The VCUarts adjunct workers' protests were a series of protests in late 2017 into early 2018 by adjunct professors employed by Virginia Commonwealth University, VCU full-time, tenured professors, and VCU students protesting over low pay, lack of benefits, and long working hours.

== Background ==
The VCU School of the Arts is the art school for Virginia Commonwealth University, a public-research university located in Richmond, Virginia. The School of the Arts, branded as VCUarts, is a nationally recognized art program, which employs around 400 professors on its academic staff. Approximately 202 of these teachers in VCUarts are adjunct professors, who are contractual professors who are paid by credit hour and do not receive employee benefits.

Most adjunct professors at VCU, including the School of the Arts are paid about $800 per credit hour they teach, and are limited to two or three classes they can teach per semester. This ultimately leaves them earning a potential annual salary of approximately $15,000, which is just above the federal poverty line. According to a report from Style Weekly, most VCUarts adjuncts make about $10,000 per year, which ranks last of the Top-10 art schools from U.S. News & World Report. In the fall of 2017, adjunct professors began organizing and formed a coalition known as "VCU Adjuncts for Fair Pay".

In December 2017 and again in February 2018 the group protested the lack of pay, and protested in the propose raise in adjunct pay from $800 to $1,000 per credit hour, demanding that it is raised to $2,000 per credit hour.

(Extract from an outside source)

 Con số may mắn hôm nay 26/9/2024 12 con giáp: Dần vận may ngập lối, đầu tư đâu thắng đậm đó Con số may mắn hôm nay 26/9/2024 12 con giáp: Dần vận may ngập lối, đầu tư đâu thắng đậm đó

Such a raise would allow a full-time adjunct professor to earn close to $36,000 per year. The group further attacked Michael Rao and his administration for having nearly $1 billion in endowment and used monies to purchase a night club off the VCU Campus.

== Reactions ==
=== VCU administration ===
VCU's Vice President for Finance and Budget Karol Kain Gray said in response that the low pay for adjunct faculty was becoming a morale issue. The Board of Visitors approved a budget for the 2018-19 school year that increased adjunct pay from $800 per credit hour to $1,000 per credit hour, which was about $1,000 less than what the VCU Adjuncts Organizing For Fair Pay demanded.

=== VCU students ===
The reception from students, especially art students, was positive. Most of the people in the protests were reported to be students in the VCUarts program.